Partiendo del rol protagónico que tienen los salarios en los hogares, donde tres cuartos de las familias viven exclusivamente de sus ingresos salariales y/o jubilaciones, el economista Hugo Bai sostuvo que “la política salarial –incluso más que la fiscal– es la más importante para redistribuir la riqueza”. Con el salario mínimo en 13.400 pesos, el instituto afirma que este valor es apenas 21% más alto que la línea de indigencia que mide la canasta básica alimentaria y representa 42% de la línea de pobreza que comprende un conjunto de gastos para vivir dignamente.

En este sentido, la central sindical propone un “nuevo shock” que “permita a una familia ‘tipo’ –dos adultos y un menor– no vivir en la pobreza”. Según Olesker, esto se alcanzaría aumentando el salario mínimo a 16.500, cifra a la que el gobierno prevé llegar recién en enero de 2020.
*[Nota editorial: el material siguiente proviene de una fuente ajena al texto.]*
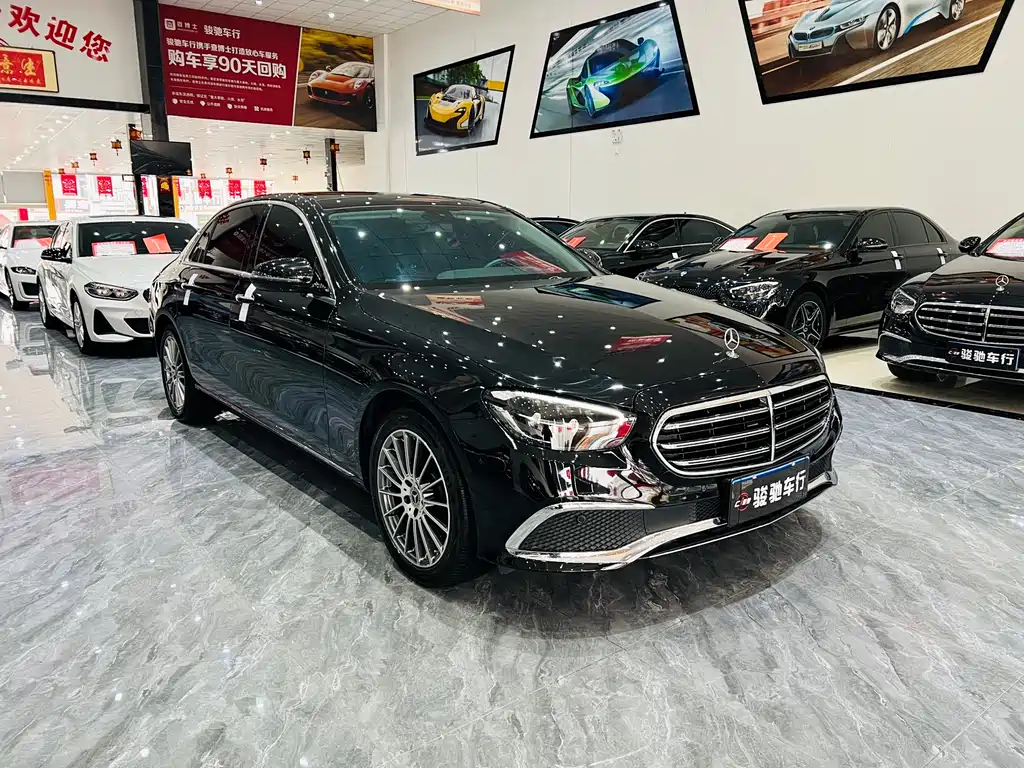 Mercedes-Benz E-Class 2022 E 260 L купить на сайте DeffCars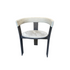 High End Floor Sample Noce Dining Chair by Henge Casa Design Group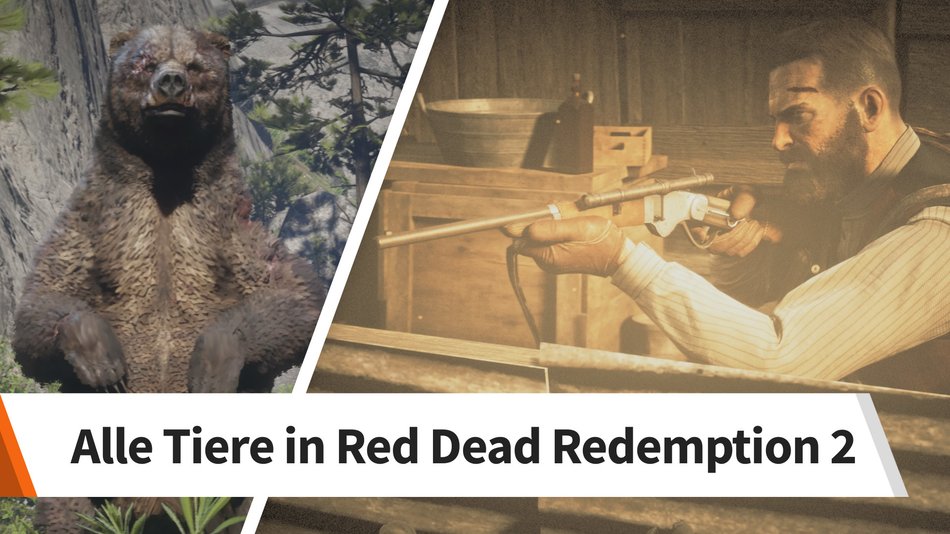 Red Dead Redemption 2: Alle Tiere - Fundorte, legendäre Tiere und Jagd ...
Un tercer capítulo aborda el vínculo entre la educación y la matriz productiva con el nivel de empleo y los salarios. De lo primero, no es novedad que “existe una relación muy clara que a mayor nivel educativo, mayor nivel de empleo y de salarios así como menores niveles de informalidad”, estableció Olesker. Por otro lado, el economista recordó que un trabajo del instituto del pasado noviembre concluye que “la primarización de la economía había aumentado tanto en cantidad como calidad”. Los cinco principales productos de exportación son la carne, la soja, la celulosa, los lácteos y la lana: “no sólo productos primarios, sino que con contenido tecnológico muy bajo, más allá de los chips en las vacas”, sostuvo. Según afirmó, esto tiene un impacto directo en el empleo, siendo que “los ocupados en estos cinco sectores han decrecido” en los últimos años.
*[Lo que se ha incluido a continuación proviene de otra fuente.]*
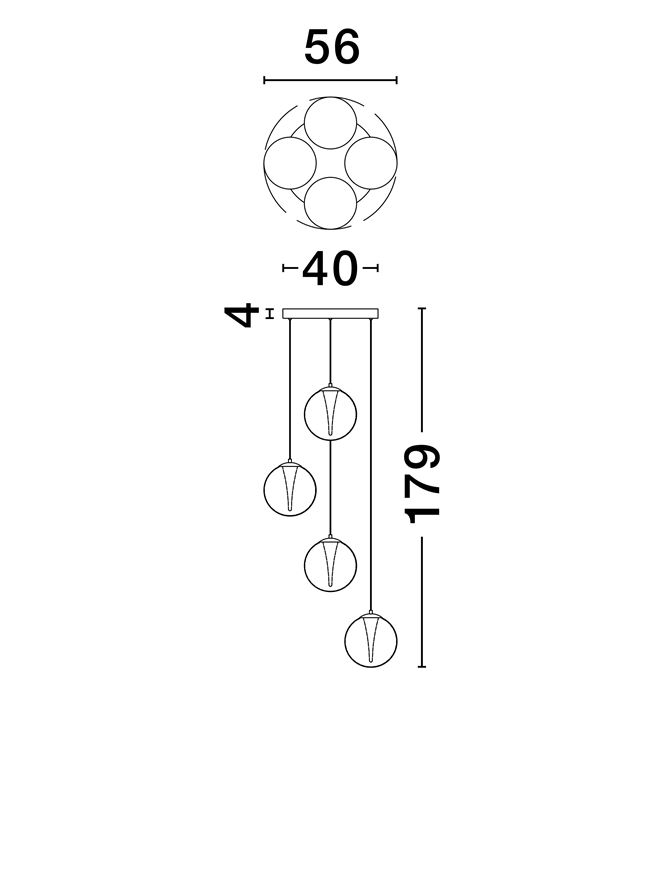 GALEO suspensie LED 9416942 [6]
Los últimos capítulos tratan sobre productividad y competitividad. Sobre la primera, se resaltó la falta de información para sacar conclusiones y, en este sentido, se calculó “un aumento de casi 70% en la productividad aparente del trabajo en estos 30 años mientras que el salario real creció poco más de 30%”. Sobre este punto, se prevé que la incorporación de la productividad a la evolución salarial sería “inconveniente”, ya que se trata de un indicador “variable o fluctuante”, y, por otro lado, “estaría legitimando que la distribución entre capital y trabajo es justa y que también el umbral de consumo básico fue superado”, consideró Olesker.

Sobre el componente de competitividad, conviene diferenciar la sistémica de la espuria. La primera se sustenta en la capacidad de una economía para avanzar en su eficiencia y calidad, para diferenciar productos, incorporar innovaciones tecnológicas, mejorar la organización empresarial y los encadenamientos productivos, mientras que la segunda surge de la caída de las ventas, el aumento de la capacidad ociosa, la explotación de recursos naturales abundantes, el aprovechamiento de mano de obra barata o el manejo del tipo de cambio.
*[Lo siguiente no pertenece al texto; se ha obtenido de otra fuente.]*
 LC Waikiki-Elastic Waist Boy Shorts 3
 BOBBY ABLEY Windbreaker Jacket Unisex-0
Según Olesker, dados los niveles actuales, “aunque quisiéramos competir por salarios, tendrían que ser tan bajos” que no se concebiría como un consenso. Por otro lado, también abordó la influencia del aumento de estos en los precios finales. Tomando como base la industria de elaboración de alimentos –eje de las exportaciones locales–, en la que el peso de los salarios representa en promedio 10% de los costos de producción y a su vez estos pesan otro 10% en el consumo intermedio, “si suponemos que el salario crece 10% por encima de la inflación, esto representa un aumento de sólo 2% en el valor bruto de producción”, ejemplo que según el documento “permite desmitificar parcialmente el rol que cumplen los incrementos salariales en los aumentos de costos”.